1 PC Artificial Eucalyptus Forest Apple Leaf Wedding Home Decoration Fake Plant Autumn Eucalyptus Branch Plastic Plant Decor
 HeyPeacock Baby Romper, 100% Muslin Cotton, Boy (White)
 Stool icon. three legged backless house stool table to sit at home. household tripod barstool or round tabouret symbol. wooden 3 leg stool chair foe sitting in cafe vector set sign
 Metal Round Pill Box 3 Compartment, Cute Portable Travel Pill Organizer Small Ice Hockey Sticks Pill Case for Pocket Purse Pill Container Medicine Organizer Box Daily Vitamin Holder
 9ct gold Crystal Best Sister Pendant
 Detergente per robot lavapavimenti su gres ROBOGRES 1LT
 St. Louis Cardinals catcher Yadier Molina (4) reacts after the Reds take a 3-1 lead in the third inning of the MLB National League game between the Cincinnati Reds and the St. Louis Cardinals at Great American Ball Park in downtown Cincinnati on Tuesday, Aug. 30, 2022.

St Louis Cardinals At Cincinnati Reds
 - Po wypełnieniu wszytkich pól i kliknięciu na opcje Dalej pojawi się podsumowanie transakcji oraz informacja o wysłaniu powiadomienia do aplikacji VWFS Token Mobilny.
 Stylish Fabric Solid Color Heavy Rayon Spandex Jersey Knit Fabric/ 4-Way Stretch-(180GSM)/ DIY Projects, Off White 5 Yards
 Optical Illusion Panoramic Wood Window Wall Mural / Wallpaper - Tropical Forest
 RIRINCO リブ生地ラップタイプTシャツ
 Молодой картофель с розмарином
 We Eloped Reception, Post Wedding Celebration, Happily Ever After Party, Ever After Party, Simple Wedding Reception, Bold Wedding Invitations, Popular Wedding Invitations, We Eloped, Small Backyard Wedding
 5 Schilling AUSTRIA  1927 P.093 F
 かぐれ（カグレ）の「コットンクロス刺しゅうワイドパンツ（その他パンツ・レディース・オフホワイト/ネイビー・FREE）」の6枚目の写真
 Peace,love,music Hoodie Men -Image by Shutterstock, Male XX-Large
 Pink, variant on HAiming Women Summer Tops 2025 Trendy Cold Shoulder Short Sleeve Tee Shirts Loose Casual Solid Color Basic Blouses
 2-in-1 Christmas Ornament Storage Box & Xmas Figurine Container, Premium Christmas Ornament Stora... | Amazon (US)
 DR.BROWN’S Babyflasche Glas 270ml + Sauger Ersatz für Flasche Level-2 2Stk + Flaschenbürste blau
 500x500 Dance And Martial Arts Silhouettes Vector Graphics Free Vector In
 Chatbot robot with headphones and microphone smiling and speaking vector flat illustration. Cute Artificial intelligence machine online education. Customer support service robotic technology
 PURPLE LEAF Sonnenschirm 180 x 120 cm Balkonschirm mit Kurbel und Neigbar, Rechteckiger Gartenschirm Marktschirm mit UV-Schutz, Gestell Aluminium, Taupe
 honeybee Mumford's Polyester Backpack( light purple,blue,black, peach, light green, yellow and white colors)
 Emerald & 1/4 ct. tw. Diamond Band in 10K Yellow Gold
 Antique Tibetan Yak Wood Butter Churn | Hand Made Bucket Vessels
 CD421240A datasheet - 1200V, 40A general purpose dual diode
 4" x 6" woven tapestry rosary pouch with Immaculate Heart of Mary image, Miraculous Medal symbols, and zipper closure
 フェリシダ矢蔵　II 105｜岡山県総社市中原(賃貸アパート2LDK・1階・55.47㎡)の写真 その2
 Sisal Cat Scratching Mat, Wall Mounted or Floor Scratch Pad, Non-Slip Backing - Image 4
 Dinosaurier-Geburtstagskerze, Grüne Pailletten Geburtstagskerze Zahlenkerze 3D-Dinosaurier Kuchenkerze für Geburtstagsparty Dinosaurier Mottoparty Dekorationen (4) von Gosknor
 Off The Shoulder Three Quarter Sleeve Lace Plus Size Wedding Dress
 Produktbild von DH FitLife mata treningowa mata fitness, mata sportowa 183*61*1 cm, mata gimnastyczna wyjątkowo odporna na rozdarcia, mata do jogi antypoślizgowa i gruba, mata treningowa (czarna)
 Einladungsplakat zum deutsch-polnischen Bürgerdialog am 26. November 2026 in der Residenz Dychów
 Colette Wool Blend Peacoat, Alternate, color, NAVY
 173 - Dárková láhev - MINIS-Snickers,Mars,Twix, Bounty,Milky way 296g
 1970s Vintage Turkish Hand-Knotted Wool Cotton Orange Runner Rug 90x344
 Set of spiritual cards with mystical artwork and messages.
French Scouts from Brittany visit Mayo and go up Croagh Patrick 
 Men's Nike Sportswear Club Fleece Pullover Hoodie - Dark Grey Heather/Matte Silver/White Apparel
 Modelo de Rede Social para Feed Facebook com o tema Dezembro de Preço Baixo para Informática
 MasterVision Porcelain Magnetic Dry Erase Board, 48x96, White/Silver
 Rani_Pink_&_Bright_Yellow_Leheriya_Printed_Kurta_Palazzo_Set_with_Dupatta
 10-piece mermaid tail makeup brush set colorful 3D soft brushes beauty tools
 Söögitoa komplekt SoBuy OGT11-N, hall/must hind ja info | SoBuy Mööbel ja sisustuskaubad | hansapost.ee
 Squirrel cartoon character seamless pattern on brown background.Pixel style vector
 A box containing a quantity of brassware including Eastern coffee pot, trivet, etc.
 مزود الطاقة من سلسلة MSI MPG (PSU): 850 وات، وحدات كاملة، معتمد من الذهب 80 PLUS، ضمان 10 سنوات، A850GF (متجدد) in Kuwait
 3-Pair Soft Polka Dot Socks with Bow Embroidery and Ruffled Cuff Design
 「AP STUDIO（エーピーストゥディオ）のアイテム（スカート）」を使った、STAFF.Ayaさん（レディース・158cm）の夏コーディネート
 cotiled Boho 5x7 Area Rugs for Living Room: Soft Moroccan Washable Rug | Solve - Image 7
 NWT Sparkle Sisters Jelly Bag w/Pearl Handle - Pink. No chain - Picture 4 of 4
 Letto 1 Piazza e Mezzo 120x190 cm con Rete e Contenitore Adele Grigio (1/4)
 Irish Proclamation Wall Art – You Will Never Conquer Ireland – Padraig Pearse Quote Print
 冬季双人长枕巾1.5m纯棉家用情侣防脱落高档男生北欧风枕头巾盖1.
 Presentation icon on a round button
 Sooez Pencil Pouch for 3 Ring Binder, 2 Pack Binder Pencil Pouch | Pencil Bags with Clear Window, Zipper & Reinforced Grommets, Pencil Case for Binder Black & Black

WHAT IS BEING ASKED: Every line of the material must be duplicated exactly.

SOLUTION TO THIS TASK:
1 PC Artificial Eucalyptus Forest Apple Leaf Wedding Home Decoration Fake Plant Autumn Eucalyptus Branch Plastic Plant Decor
 HeyPeacock Baby Romper, 100% Muslin Cotton, Boy (White)
 Stool icon. three legged backless house stool table to sit at home. household tripod barstool or round tabouret symbol. wooden 3 leg stool chair foe sitting in cafe vector set sign
 Metal Round Pill Box 3 Compartment, Cute Portable Travel Pill Organizer Small Ice Hockey Sticks Pill Case for Pocket Purse Pill Container Medicine Organizer Box Daily Vitamin Holder
 9ct gold Crystal Best Sister Pendant
 Detergente per robot lavapavimenti su gres ROBOGRES 1LT
 St. Louis Cardinals catcher Yadier Molina (4) reacts after the Reds take a 3-1 lead in the third inning of the MLB National League game between the Cincinnati Reds and the St. Louis Cardinals at Great American Ball Park in downtown Cincinnati on Tuesday, Aug. 30, 2022.

St Louis Cardinals At Cincinnati Reds
 - Po wypełnieniu wszytkich pól i kliknięciu na opcje Dalej pojawi się podsumowanie transakcji oraz informacja o wysłaniu powiadomienia do aplikacji VWFS Token Mobilny.
 Stylish Fabric Solid Color Heavy Rayon Spandex Jersey Knit Fabric/ 4-Way Stretch-(180GSM)/ DIY Projects, Off White 5 Yards
 Optical Illusion Panoramic Wood Window Wall Mural / Wallpaper - Tropical Forest
 RIRINCO リブ生地ラップタイプTシャツ
 Молодой картофель с розмарином
 We Eloped Reception, Post Wedding Celebration, Happily Ever After Party, Ever After Party, Simple Wedding Reception, Bold Wedding Invitations, Popular Wedding Invitations, We Eloped, Small Backyard Wedding
 5 Schilling AUSTRIA  1927 P.093 F
 かぐれ（カグレ）の「コットンクロス刺しゅうワイドパンツ（その他パンツ・レディース・オフホワイト/ネイビー・FREE）」の6枚目の写真
 Peace,love,music Hoodie Men -Image by Shutterstock, Male XX-Large
 Pink, variant on HAiming Women Summer Tops 2025 Trendy Cold Shoulder Short Sleeve Tee Shirts Loose Casual Solid Color Basic Blouses
 2-in-1 Christmas Ornament Storage Box & Xmas Figurine Container, Premium Christmas Ornament Stora... | Amazon (US)
 DR.BROWN’S Babyflasche Glas 270ml + Sauger Ersatz für Flasche Level-2 2Stk + Flaschenbürste blau
 500x500 Dance And Martial Arts Silhouettes Vector Graphics Free Vector In
 Chatbot robot with headphones and microphone smiling and speaking vector flat illustration. Cute Artificial intelligence machine online education. Customer support service robotic technology
 PURPLE LEAF Sonnenschirm 180 x 120 cm Balkonschirm mit Kurbel und Neigbar, Rechteckiger Gartenschirm Marktschirm mit UV-Schutz, Gestell Aluminium, Taupe
 honeybee Mumford's Polyester Backpack( light purple,blue,black, peach, light green, yellow and white colors)
 Emerald & 1/4 ct. tw. Diamond Band in 10K Yellow Gold
 Antique Tibetan Yak Wood Butter Churn | Hand Made Bucket Vessels
 CD421240A datasheet - 1200V, 40A general purpose dual diode
 4" x 6" woven tapestry rosary pouch with Immaculate Heart of Mary image, Miraculous Medal symbols, and zipper closure
 フェリシダ矢蔵　II 105｜岡山県総社市中原(賃貸アパート2LDK・1階・55.47㎡)の写真 その2
 Sisal Cat Scratching Mat, Wall Mounted or Floor Scratch Pad, Non-Slip Backing - Image 4
 Dinosaurier-Geburtstagskerze, Grüne Pailletten Geburtstagskerze Zahlenkerze 3D-Dinosaurier Kuchenkerze für Geburtstagsparty Dinosaurier Mottoparty Dekorationen (4) von Gosknor
 Off The Shoulder Three Quarter Sleeve Lace Plus Size Wedding Dress
 Produktbild von DH FitLife mata treningowa mata fitness, mata sportowa 183*61*1 cm, mata gimnastyczna wyjątkowo odporna na rozdarcia, mata do jogi antypoślizgowa i gruba, mata treningowa (czarna)
 Einladungsplakat zum deutsch-polnischen Bürgerdialog am 26. November 2026 in der Residenz Dychów
 Colette Wool Blend Peacoat, Alternate, color, NAVY
 173 - Dárková láhev - MINIS-Snickers,Mars,Twix, Bounty,Milky way 296g
 1970s Vintage Turkish Hand-Knotted Wool Cotton Orange Runner Rug 90x344
 Set of spiritual cards with mystical artwork and messages.
French Scouts from Brittany visit Mayo and go up Croagh Patrick 
 Men's Nike Sportswear Club Fleece Pullover Hoodie - Dark Grey Heather/Matte Silver/White Apparel
 Modelo de Rede Social para Feed Facebook com o tema Dezembro de Preço Baixo para Informática
 MasterVision Porcelain Magnetic Dry Erase Board, 48x96, White/Silver
 Rani_Pink_&_Bright_Yellow_Leheriya_Printed_Kurta_Palazzo_Set_with_Dupatta
 10-piece mermaid tail makeup brush set colorful 3D soft brushes beauty tools
 Söögitoa komplekt SoBuy OGT11-N, hall/must hind ja info | SoBuy Mööbel ja sisustuskaubad | hansapost.ee
 Squirrel cartoon character seamless pattern on brown background.Pixel style vector
 A box containing a quantity of brassware including Eastern coffee pot, trivet, etc.
 مزود الطاقة من سلسلة MSI MPG (PSU): 850 وات، وحدات كاملة، معتمد من الذهب 80 PLUS، ضمان 10 سنوات، A850GF (متجدد) in Kuwait
 3-Pair Soft Polka Dot Socks with Bow Embroidery and Ruffled Cuff Design
 「AP STUDIO（エーピーストゥディオ）のアイテム（スカート）」を使った、STAFF.Ayaさん（レディース・158cm）の夏コーディネート
 cotiled Boho 5x7 Area Rugs for Living Room: Soft Moroccan Washable Rug | Solve - Image 7
 NWT Sparkle Sisters Jelly Bag w/Pearl Handle - Pink. No chain - Picture 4 of 4
 Letto 1 Piazza e Mezzo 120x190 cm con Rete e Contenitore Adele Grigio (1/4)
 Irish Proclamation Wall Art – You Will Never Conquer Ireland – Padraig Pearse Quote Print
 冬季双人长枕巾1.5m纯棉家用情侣防脱落高档男生北欧风枕头巾盖1.
 Presentation icon on a round button
 Sooez Pencil Pouch for 3 Ring Binder, 2 Pack Binder Pencil Pouch | Pencil Bags with Clear Window, Zipper & Reinforced Grommets, Pencil Case for Binder Black & Black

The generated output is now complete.